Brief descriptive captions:
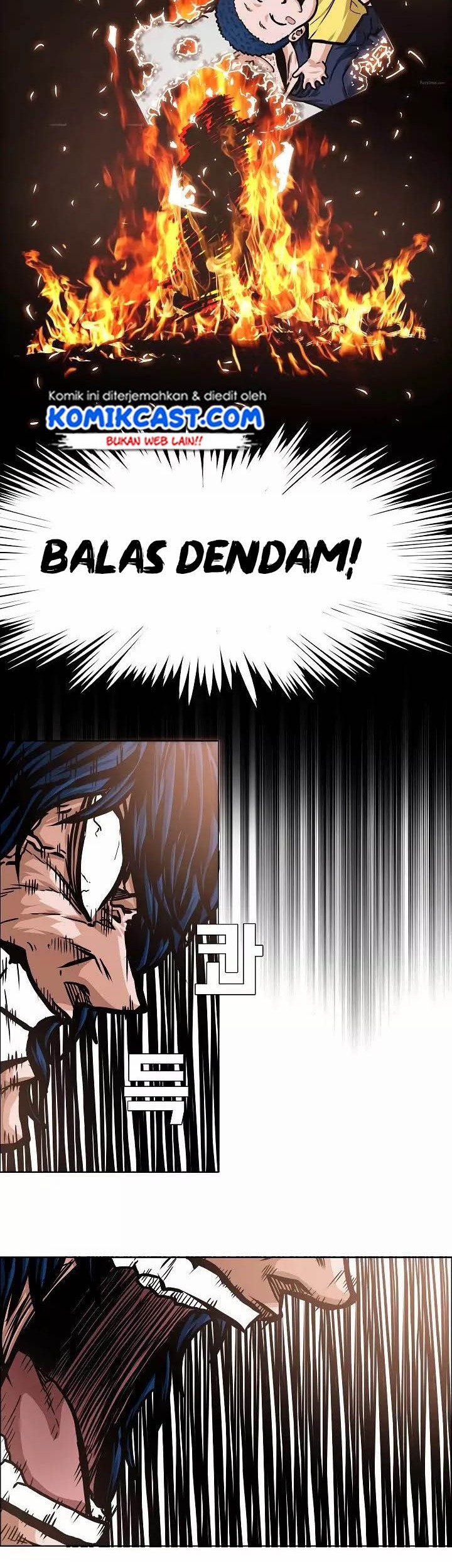 Rooftop Sword Master Chapter 51 Gambar 32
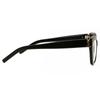 Saint Laurent Sl M117 001 Women Eyeglasses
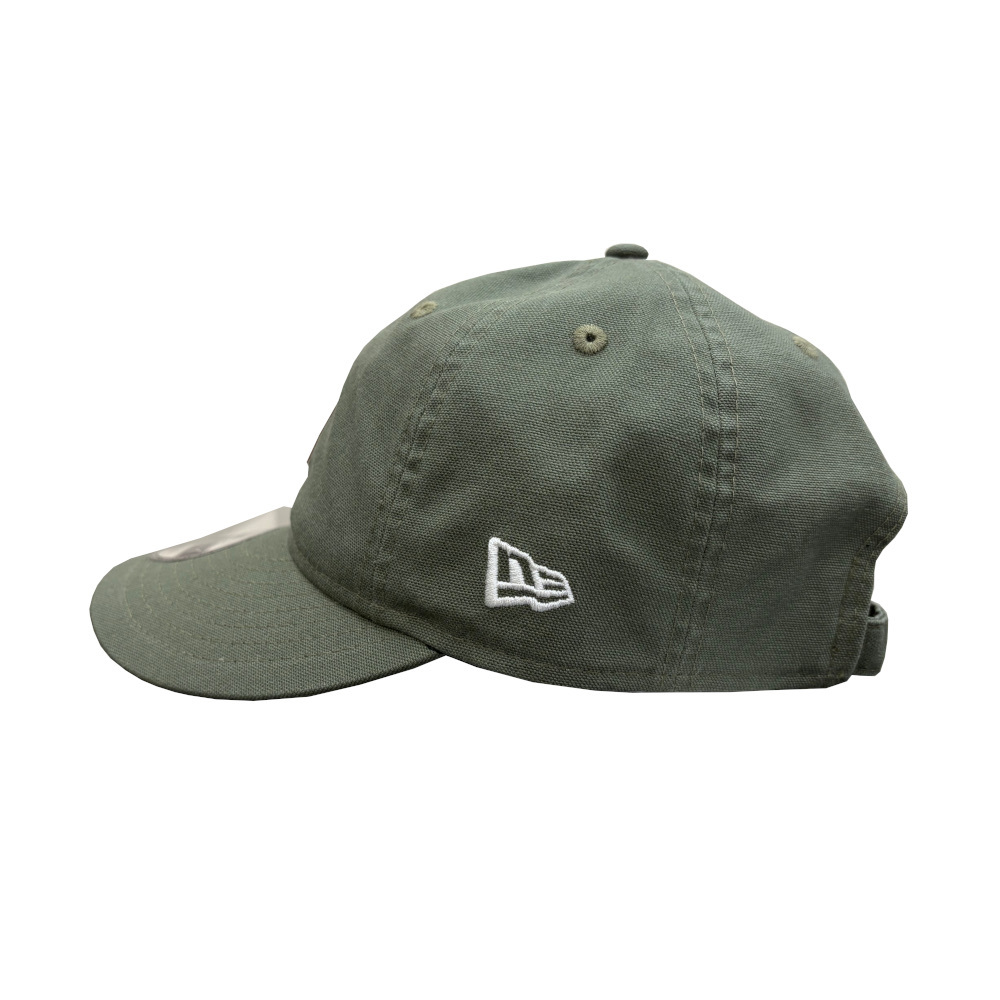 930 CHUDRA 26 Washed Duck OLIVE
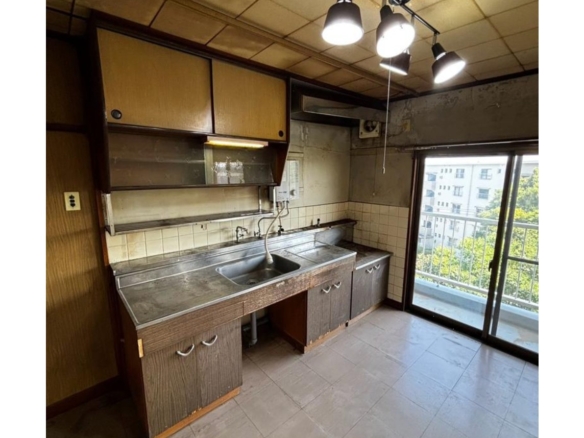 中古マンション 船橋市 金杉台１丁目 3ＤＫ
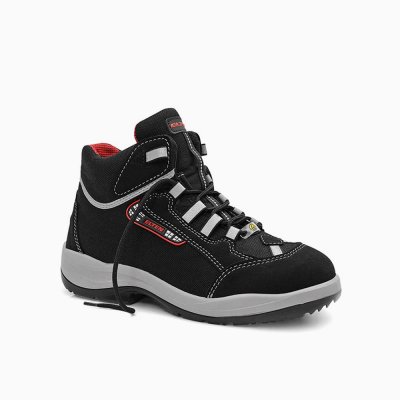 ELTEN DAMEN Damen-Sicherheitsschnürstiefel MAJA Mid ESD S3S ELTEN DAMEN Damen-Sicherheitsschnürstiefel MAJA Mid ESD S3S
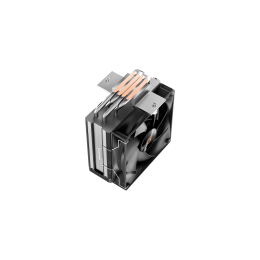 Вентилятор для процессора Ocypus Delta A40 Elite BK TDP 220W 4-pin Intel/AMD Черный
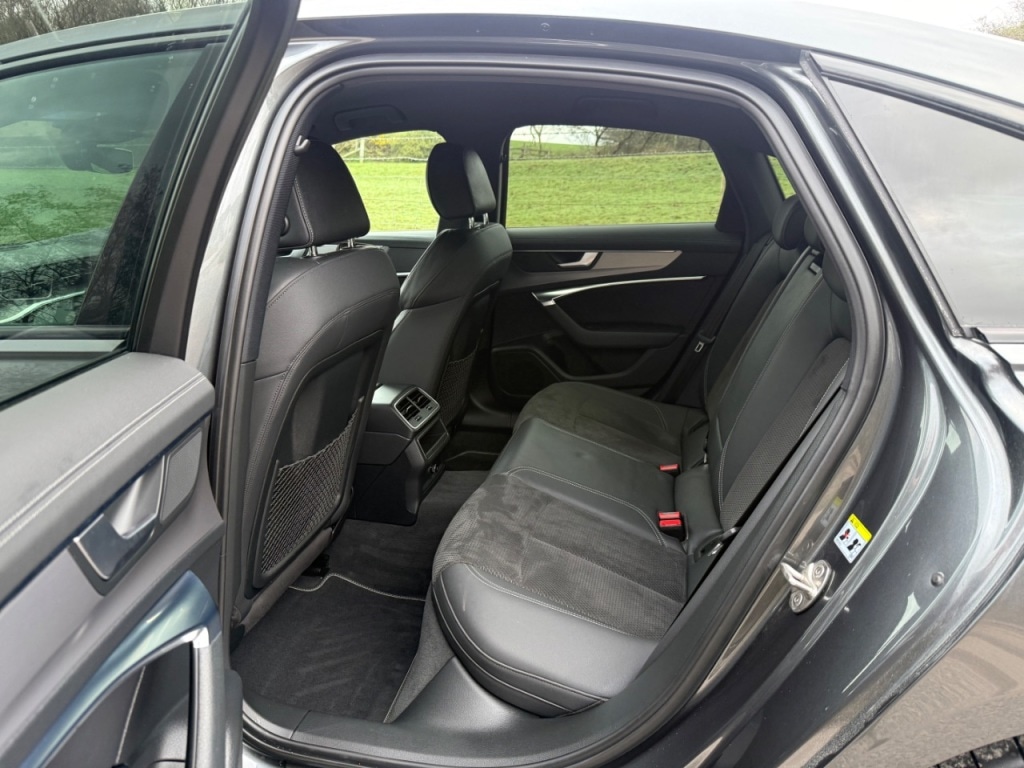 Used Audi A6 2021 for sale - 77528458: Photo 15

**What is being asked:** From the line containing "S3S ELTEN DAMEN Damen-Sicherheitsschnürstiefel MAJA Mid ESD S3S" down to the last line of the entries above, copy each line exactly and nothing more. Leave pictures out.

**Answer:**
 ELTEN DAMEN Damen-Sicherheitsschnürstiefel MAJA Mid ESD S3S ELTEN DAMEN Damen-Sicherheitsschnürstiefel MAJA Mid ESD S3S
 Вентилятор для процессора Ocypus Delta A40 Elite BK TDP 220W 4-pin Intel/AMD Черный
 Used Audi A6 2021 for sale - 77528458: Photo 15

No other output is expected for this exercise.